Rising Sea Levels
A rise in sea levels is one of the best-known consequences of global warming. We'll take a look at two ways that higher temperatures worldwide are producing higher sea levels. We'll also debunk one misconception about another result of global warming that does not directly cause higher sea levels. Finally, we'll place the current situation into the context of rising (and receding) sea levels over the past few million years.
Melting Ice Sheets and Glaciers
As was mentioned in the reading on the water cycle, about 97% of Earth's water is in the oceans already. About 2/3rds of the remainder is in ice sheets and glaciers. Various estimates place the total volume of ice in glaciers and ice sheets at somewhere between 24 and 30 million cubic km. About 90% of the polar ice sheet and glacial ice is in Antarctica; most of the rest is in Greenland; a tiny fraction is locked up in mountain glaciers elsewhere.
As global temperatures have risen, some of this ice has begun to melt. Of course, each year, with the changing seasons, new snowfall adds mass to the ice while warmer summer temperatures cause some melting and thus a reduction in the ice mass. Overall, however, global warming has begun to disturb this equilibrium; melting has outpaced snowfall, and the net amount of ice has begun to diminish. So far, this net loss of ice has been greatest in the mountain glaciers outside of the polar regions and in the Greenland ice sheet, while the Antarctic ice sheet seems (so far) less disturbed. As this ice melts, the runoff flows down to the sea, gradually raising sea levels.
How gradually? Scientists use averages from a large number of tide gages around the globe to estimate global average sea level. Since 1900, sea level has risen between 1 and 2 millimeters per year (10-20 cm or 3.9-7.9 inches per century) on average. During the preceding 3,000 years, scientists estimate that sea level was almost constant, rising at a rate of 0.1 to 0.2 mm per year.

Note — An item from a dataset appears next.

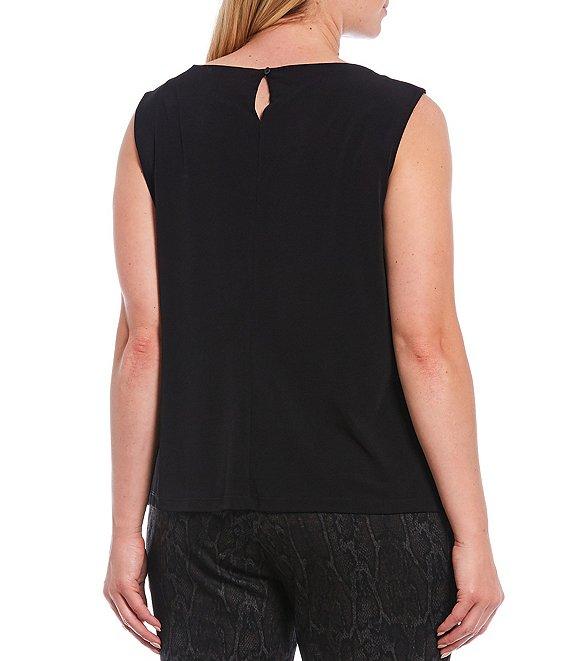Calvin Klein Plus Size Solid Matte Jersey Pleat Round Neck Sleeveless Tank Top Product Image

Several factors complicate such measurements. Tides, storm surges and other "peaks and valleys" in ocean level caused by atmospheric pressure systems, and similar phenomena cause local variations in sea level. Each year, sea level rhythmically rises and falls by about 8 mm as snowfall seasonally accumulates on the ice sheets and melts away again in summer. The sizes of ocean basins change, ever so slightly, plate tectonics drags continents around the face of the globe and creates new islands via volcanism. Land masses that were depressed in elevation by the weight of massive ice caps during the last ice age continue to "spring back" to their former positions, thousands of years after the weight of the ice caps was removed (rocks "spring back" rather slowly!).
Since 1992, satellite measurement of sea levels have supplemented the tide gage readings. Unfortunately, the satellite altimetry readings do not match the tide gage values; the satellite indicates a rate of sea level rise of 3 mm per year, while no such rate increase appears in the tide gage records for the same time period. Scientists are not yet certain what to make of the discrepancy. Some think the satellite is incorrectly calibrated. Others suspect that the difference may somehow be related to the different range of coverage of the two systems; the satellite provides readings covering much of the globe, while tide gages are necessarily relegated to coastlines.
What about the future? Given the difficulties associated with accurately measuring current sea level rise, it probably comes as no surprise that estimating future sea level rise is a tricky business. The IPCC's Third Assessment Report in 2001 predicted sea level would rise 9 to 88 cm by 2100. Recent field work seems to indicate that glaciers in Greenland may be melting much more quickly that previously thought, fueling speculation that sea level might rise more quickly than once presumed. This is, of course, an area of ongoing active research.
Melting Sea Ice - A Misconception
Note that so far we have been talking about ice masses located on land. As land ice melts and the meltwater runs down to the sea, it obviously adds water to the oceans and raises sea levels. What about sea ice, the stuff that forms a frozen cap floating on top of water?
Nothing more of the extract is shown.